海外ミステリ・レビュー

……新旧の積ん読本を崩しつつ

「戦慄のシャドウファイア」ディーン・R・クーンツ

1987年発表、日本での人気を決定付けた快作。当時、1990年前後のクーンツ・ブームは凄まじく、無名時代の過去作品も含めて相次いで飜訳され、大概は好評を得ていた。スティーヴン・キングの牙城へ一気に攻め込み、その後のモダンホラーを牽引した実力は伊達ではない。

遺伝子工学を極め、政府に取り入って財を成した天才科学者リーベンが事故死する。

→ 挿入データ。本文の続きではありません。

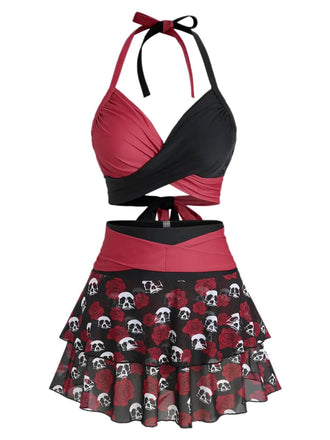Schwarz & Rot 1980er Gothic Schädel Rose Halfter Rock Bademode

離婚調停での莫大な慰謝料を拒否することで夫への侮蔑を意思表示した妻レイチェルに激怒した直後だった。だが、死んだ男は、間もなく甦る。リーベンは、自らに施していた人体実験により不死となっていた。男の目的は、ただひとつ。自尊心を踏みにじった妻への復讐を果たすこと。やがて、どこまでもレイチェルを追い掛け回す男の身体は、徐々に異形の怪物へと変化していく。同時に理性を失い、遂には捕食の対象として人間を狩り始める。

メインプロットを刈り込み、肉付けしたディテールで仕上げる分厚い構成。早い場面転換と映像的な描写。シーン毎に小さな山場を盛り込み、次第に大きな流れへと繋ぐダイナミックな展開。終盤へ向けてひたすらに加速するスピード感。娯楽小説のあらゆる要素を盛り込んだ豪腕は特筆すべきで、エンターテインメント性を徹底的に探究し、消化し、放出している。破壊力が圧倒的なのは当然である。

多くの登場人物を一人も無駄にせず、しっかりと印象付ける。本筋に絡まず小休止となるエピソード類でさえ、力を緩めない。ページを捲る読み手のテンポ、緊張感の持続こそが大切だと知る作家の極意を伝えてくる。主要な人物らが事件を通して過去を断ち切り、トラウマを克服し、ひと回り成長するさまをしっかりと描く。これも、よほど筆力が無ければ出来ないことだ。

クーンツは当初、本作を女性名義のリー・ニコルズで出版しているため、恋愛要素も多い。けれども、それ以上に「人間愛」をケレン味たっぷりに謳い上げる。
愛するもののために闘う女と男。その何もかも突き抜けた後ろ姿を眩しく感じた読者は、すでにクーンツの虜となっている。

評価 ★★★★

 

戦慄のシャドウファイア〈上〉 (扶桑社ミステリー)

戦慄のシャドウファイア〈上〉 (扶桑社ミステリー)

 

 

 

戦慄のシャドウファイア〈下〉 (扶桑社ミステリー)

戦慄のシャドウファイア〈下〉 (扶桑社ミステリー)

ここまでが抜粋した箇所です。